Neyse, kv sürekli ev lafını geçirince ister istemez bende bir heves oldu. Evlere bakmaya başladım. Kaç odalı, kaç m2, banyosu nasıl.. Kullandığım banyo kutup kadar soğuk ve su bile doğru düzgün ısınmıyor. Kaç kere yaptırdık, bana mısın demedi. Ben çok heveslendim tabi. Halime şükretsem de, yeni bir evin hayalini kurmamı sağladı. Eşimde annesinin ev alma konusunda ciddi olduğunu söylüyordu. Ya da almasa bile oturduğumz dairenin kirasını bize vereceğini bu şekilde başka bir yerde oturabileceğimizi söylüyordu.
Kv mle geçenlerde konuştuk. Zaten lafı döndürüp dolaştırıp bir şekilde eve bağlıyordum. "Depremde geliyormuş" falan.. :) kv hemen cevap tabi, " e kızım ev alacağız da işte şimdi her yer çok pahalı"
"Bağcılar zaten çok pahalı yer anne. Kaldı ki biz eşimle burada oturmak istemiyoruz. Buranın muhitini sevemedik. Yine yakın olsun, bir minibüs mesafesinde de olsa farklı bir semtte oturmak istiyoruz"
Kaynanam ayırdı gözlerini "Bak görümcen burada, ben burada, senin ne işin var başka yerde."
"Neden anne? Oğulların nerede oturuyorlar? Hepsi istediği semtte oturuyorlar sıkça da görüşüyorsunuz. Bizim de yeni bir ev alma durumumuz olacaksa bu buradan olmayacaktı. İkinci bir ev şansımız var, ikinci bir muhit.
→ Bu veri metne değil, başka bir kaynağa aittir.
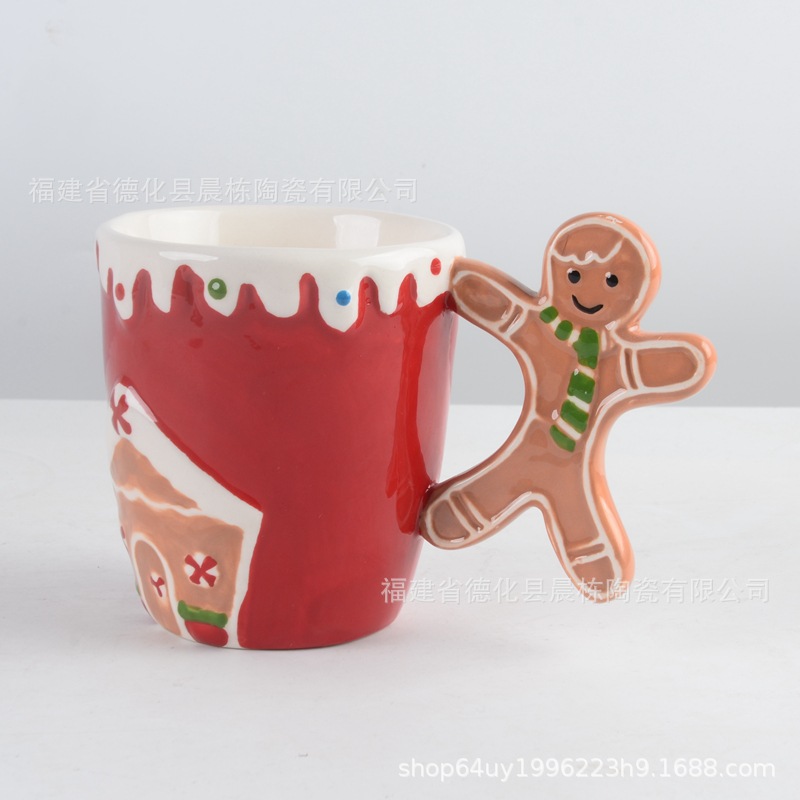 En stock cerámica Navidad hombre taza de pan de jengibre cerámica árbol de Navidad Taza de cerámica panqueque tostada cerámica taza de agua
Neden istediğimiz yerde olmasın? Kaldı ki fizana gitmeyeceğiz ki. Yine şimdi oturduğun yerden yanıma 10 dk minibüsle geliyorsan, o zaman 15 dk 20 dk minibüsle gelirsin. Ya da metronun yanındasın aslında sana her yer yakın da, ben yine uzaga gitmek istemiyorum o kadar."
Yok kv kararlı " Oğluna ev aldıda nereye gönderdi derler, beni kınarlar. Annene yakın olsa hemen gidersin değil mi?" Buraya ayrıca sinir oldum.
"O benim annem. Kim oturuyor orada düşmanım mı? Niye öyle söylüyorsun? Annem, babam, kardeşim. " ki onu da amaç edinmemiştim aslında. Edinsemde ne gibi bir sorun var burada anlamadın. Neyse.. Cevap vermedi buna. Sonra, "Biz hep bir arada oluruz, sonra gidersin havalanırsın gittiğin yerde."
"Anne beni diğer gelininle karıştırma. İnsanın geçinmeye gönlü yoksa zaten nereye giderse gitsin aynıdır o insan. Biz sadece burada oturmak istemiyoruz diyoruz. Ayrıca oğlunu sizden koparacak değilim ya? Yine aynı görüşürüz."
Bu konuşmadan iki gün önce kv "buranın kirasını alında yeni bir eve çıkın" demişti. Bende hevesle "aşkım bak annen ne diyor" demiştim. Bu şimdiki konuşma sonrasında kv "paranız varsa gidin ev alın" dedi. Bende "Anne bizim öyle bir düşüncemiz şuan zaten yoktu. Sen soktun bunu bizim aklımıza. Sen bunı işledin durdun bana ev alıcaz diye. Ben sana anne bana ev al demedm. Şimdi diyorsun ki paranız varsa alın. Olmadığını iyi biliyorsn. Buranın kirasını vererek yardım edeceğini söylemiştin dün dedim.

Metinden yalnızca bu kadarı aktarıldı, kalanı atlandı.